The status indicates the status of the simulation at exit. Each repetition will have a status associated with it, and these are accessible through the Simulation.results.status_list.

status: int

Indicates the status of the simulation at exit.

1: Succesful completion, terminated when max_iter iterations reached.

2: Succesful completion, terminated when max_t crossed.

3: Succesful completion, terminated when all species went extinct.

-1: Failure, order greater than 3 detected.

-2: Failure, propensity zero without extinction.

cayenne.simulation.wrapper(x, func)[source]

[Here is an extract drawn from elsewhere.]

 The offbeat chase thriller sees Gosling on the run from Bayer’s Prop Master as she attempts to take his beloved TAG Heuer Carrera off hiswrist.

cayenne.utils.cpython-36m-x86_64-linux-gnu module

cayenne.utils module

Contains various utility functions

cayenne.utils.get_kstoc

Compute k_stoc from k_det.

Return a vector of the stochastic rate constants (k_stoc) determined from the deterministic rate constants (k_det) [2]

Parameters:
  • react_stoic ((ns, nr) ndarray) – A 2D array of the stoichiometric coefficients of the reactants. Reactions are columns and species are rows.
  • k_det ((nr,) ndarray) – A 1D array representing the deterministic rate constants of the system.
  • volume (float) – The volume of the reactor vessel which is important for second and higher order reactions
  • chem_flag (bool) – If True, divide by Na (Avogadro’s constant) while calculating stochastic rate constants. Defaults to False.
Returns:

k_stoc – A 1D array representing the stochastic rate constants of the system.

Return type:

(nr,) ndarray

References

[2]Gillespie, D.T., 1976. A general method for numerically simulating the stochastic time evolution of coupled chemical reactions. J. Comput. Phys. 22, 403–434. doi:10.1016/0021-9991(76)90041-3.
cayenne.utils.py_roulette_selection

Perform roulette selection on the list of propensities.

Return the index of the selected reaction (choice) by performing Roulette selection on the given list of reaction propensities.

Parameters:
  • prop_list (array_like) – A 1D array of the propensities of the reactions.
  • Xt (array_like) – A 1D array of the current simulation state.
Returns:

  • choice (int) – Index of the chosen reaction.
  • status (int) – Status of the simulation as described in direct.

Module contents

Top-level package for Stochastic Simulation Algorithms in Python.